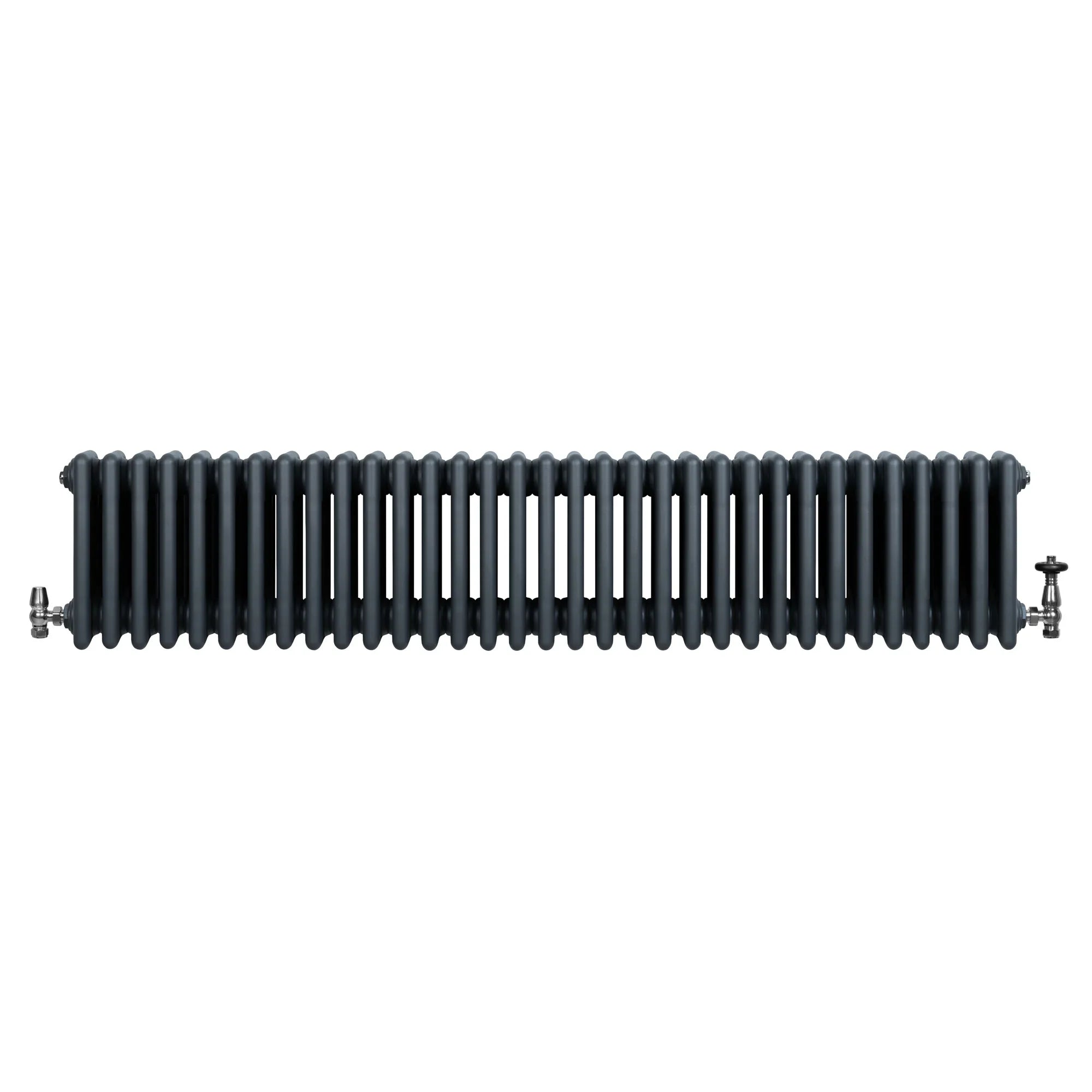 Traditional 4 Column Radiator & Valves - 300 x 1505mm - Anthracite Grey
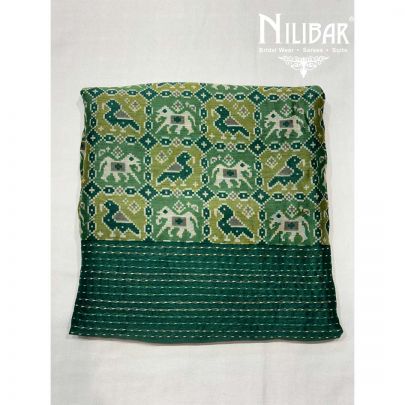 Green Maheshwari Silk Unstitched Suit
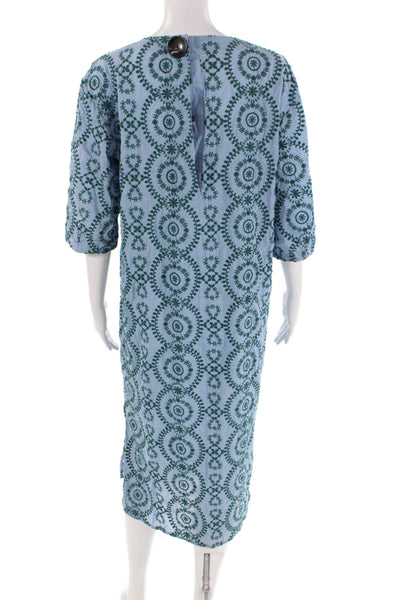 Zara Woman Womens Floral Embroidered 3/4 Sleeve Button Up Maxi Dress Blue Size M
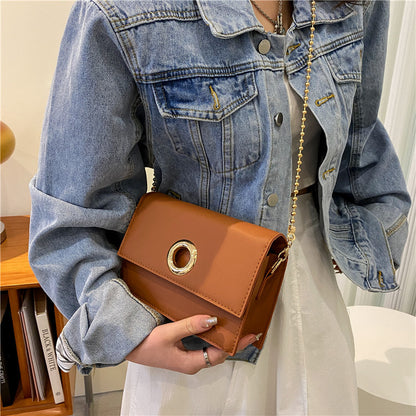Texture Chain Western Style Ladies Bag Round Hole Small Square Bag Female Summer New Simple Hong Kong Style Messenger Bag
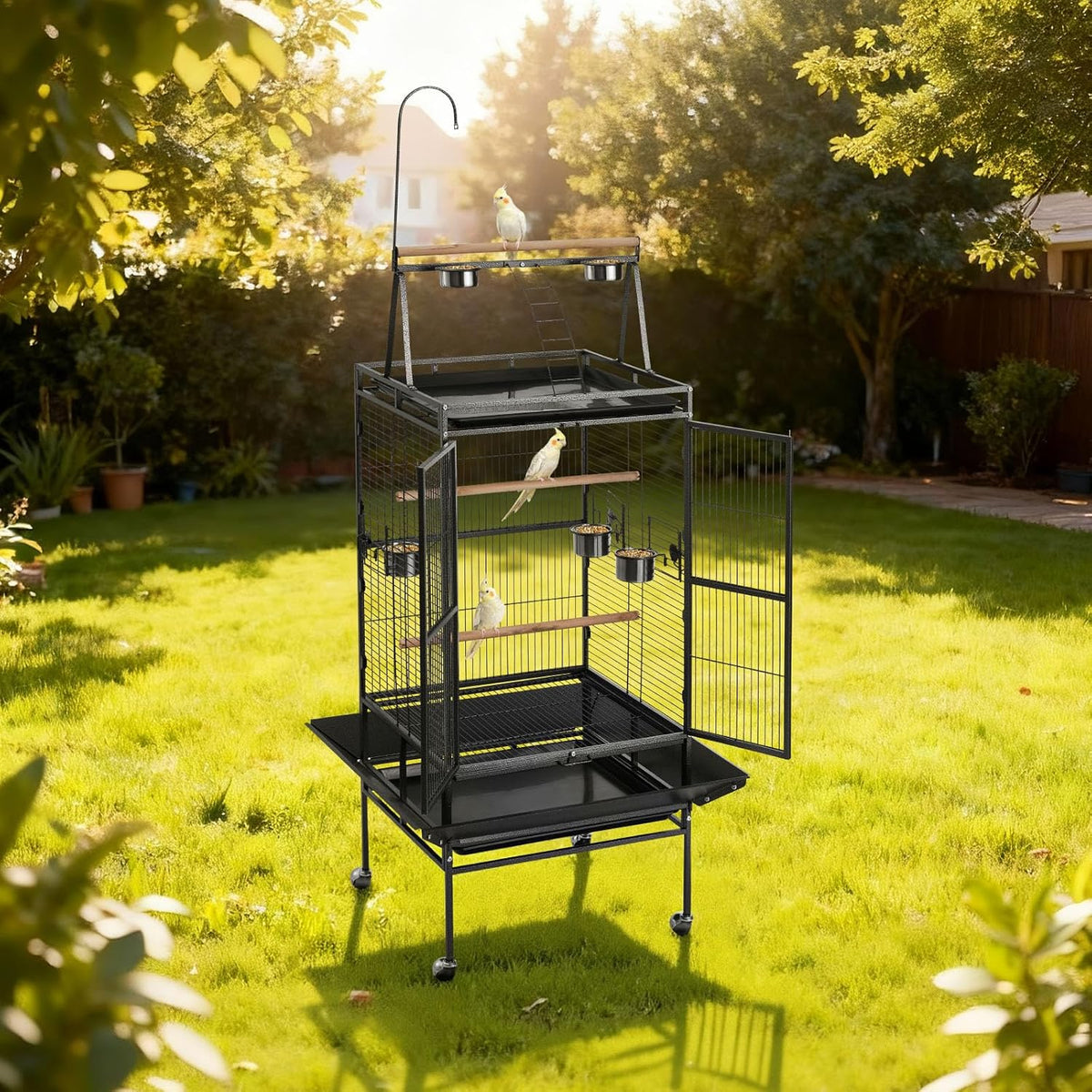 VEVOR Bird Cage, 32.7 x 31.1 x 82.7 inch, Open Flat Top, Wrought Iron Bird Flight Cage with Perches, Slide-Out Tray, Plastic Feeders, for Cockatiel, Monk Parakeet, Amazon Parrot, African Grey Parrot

PROBLEM TO WORK ON ▸
Every line of the listing should be copied precisely, with images omitted.

EXERCISE RESULT ▸
 Traditional 4 Column Radiator & Valves - 300 x 1505mm - Anthracite Grey
 Green Maheshwari Silk Unstitched Suit
 Zara Woman Womens Floral Embroidered 3/4 Sleeve Button Up Maxi Dress Blue Size M
Texture Chain Western Style Ladies Bag Round Hole Small Square Bag Female Summer New Simple Hong Kong Style Messenger Bag
 VEVOR Bird Cage, 32.7 x 31.1 x 82.7 inch, Open Flat Top, Wrought Iron Bird Flight Cage with Perches, Slide-Out Tray, Plastic Feeders, for Cockatiel, Monk Parakeet, Amazon Parrot, African Grey Parrot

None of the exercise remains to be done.